Print and the City –a fascinating look at whether movable type printing presses were the drivers of economic growth in cities by Jeremiah Dittmar (via The Browser):

[C]ities in which printing presses were established 1450-1500 had no prior growth advantage, but subsequently grew far faster than similar cities without printing presses… Cities that adopted print media benefitted from positive spillovers in human capital accumulation and technological change broadly defined. These spillovers exerted an upward pressure on the returns to labour, made cities culturally dynamic, and attracted migrants.

In the pre-industrial era, commerce was a more important source of urban wealth and income than tradable industrial production.
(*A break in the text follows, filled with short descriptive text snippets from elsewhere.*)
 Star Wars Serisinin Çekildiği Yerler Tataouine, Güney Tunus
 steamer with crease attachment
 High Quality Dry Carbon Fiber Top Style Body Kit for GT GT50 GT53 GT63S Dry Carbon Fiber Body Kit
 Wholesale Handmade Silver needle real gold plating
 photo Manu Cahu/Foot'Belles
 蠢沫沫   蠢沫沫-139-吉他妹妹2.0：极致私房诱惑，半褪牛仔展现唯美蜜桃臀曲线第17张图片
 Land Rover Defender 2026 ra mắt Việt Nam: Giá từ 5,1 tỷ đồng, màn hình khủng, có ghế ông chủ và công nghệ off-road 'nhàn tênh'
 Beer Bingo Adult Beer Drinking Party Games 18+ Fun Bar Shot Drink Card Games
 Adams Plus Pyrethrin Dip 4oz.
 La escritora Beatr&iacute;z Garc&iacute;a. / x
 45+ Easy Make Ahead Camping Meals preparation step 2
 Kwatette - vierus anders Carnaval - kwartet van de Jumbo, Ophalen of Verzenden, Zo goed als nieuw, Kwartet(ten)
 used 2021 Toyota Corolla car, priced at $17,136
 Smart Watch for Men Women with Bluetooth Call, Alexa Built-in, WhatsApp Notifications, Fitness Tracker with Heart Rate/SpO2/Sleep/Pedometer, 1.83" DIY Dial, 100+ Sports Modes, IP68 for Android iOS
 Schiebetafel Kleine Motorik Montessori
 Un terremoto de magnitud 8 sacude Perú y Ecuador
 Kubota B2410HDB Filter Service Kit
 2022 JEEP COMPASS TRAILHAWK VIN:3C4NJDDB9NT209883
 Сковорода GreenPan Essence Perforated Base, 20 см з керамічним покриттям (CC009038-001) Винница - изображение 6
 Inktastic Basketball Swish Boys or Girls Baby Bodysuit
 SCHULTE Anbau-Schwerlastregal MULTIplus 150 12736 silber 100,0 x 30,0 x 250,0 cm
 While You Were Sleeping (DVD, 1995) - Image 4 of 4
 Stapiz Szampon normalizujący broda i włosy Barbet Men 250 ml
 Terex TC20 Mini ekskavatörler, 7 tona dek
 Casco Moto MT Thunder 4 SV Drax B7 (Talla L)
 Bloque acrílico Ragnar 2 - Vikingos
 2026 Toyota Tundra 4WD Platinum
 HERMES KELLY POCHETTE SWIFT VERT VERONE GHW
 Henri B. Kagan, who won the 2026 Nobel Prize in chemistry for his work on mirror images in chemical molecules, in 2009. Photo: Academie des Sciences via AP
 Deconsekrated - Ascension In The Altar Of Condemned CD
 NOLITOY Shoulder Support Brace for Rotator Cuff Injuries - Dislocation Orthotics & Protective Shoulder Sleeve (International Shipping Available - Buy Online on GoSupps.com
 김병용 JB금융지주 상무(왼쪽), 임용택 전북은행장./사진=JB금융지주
Print media played a key role in the development of skills that were valuable to merchants. Following the invention printing, European presses produced a stream of math textbooks used by students preparing for careers in business.

The Savage Marketplace — A really interesting and thoughtful survey of the current state of book editing in the UK by Alex Clark , with contributions from Diana Athill, Blake Morrison, Jeannette Winterson and others, for The Guardian:

[W]hat saps the spirit are the manuscripts that leave you with the question: why did no one sit down with the writer and point out where this isn’t working? Why didn’t a red pen mark the hackneyed phrase, or the stock character, or the creaky dialogue? And, sometimes, why didn’t someone deliver the unfortunate verdict: this simply isn’t ready yet, and may never be?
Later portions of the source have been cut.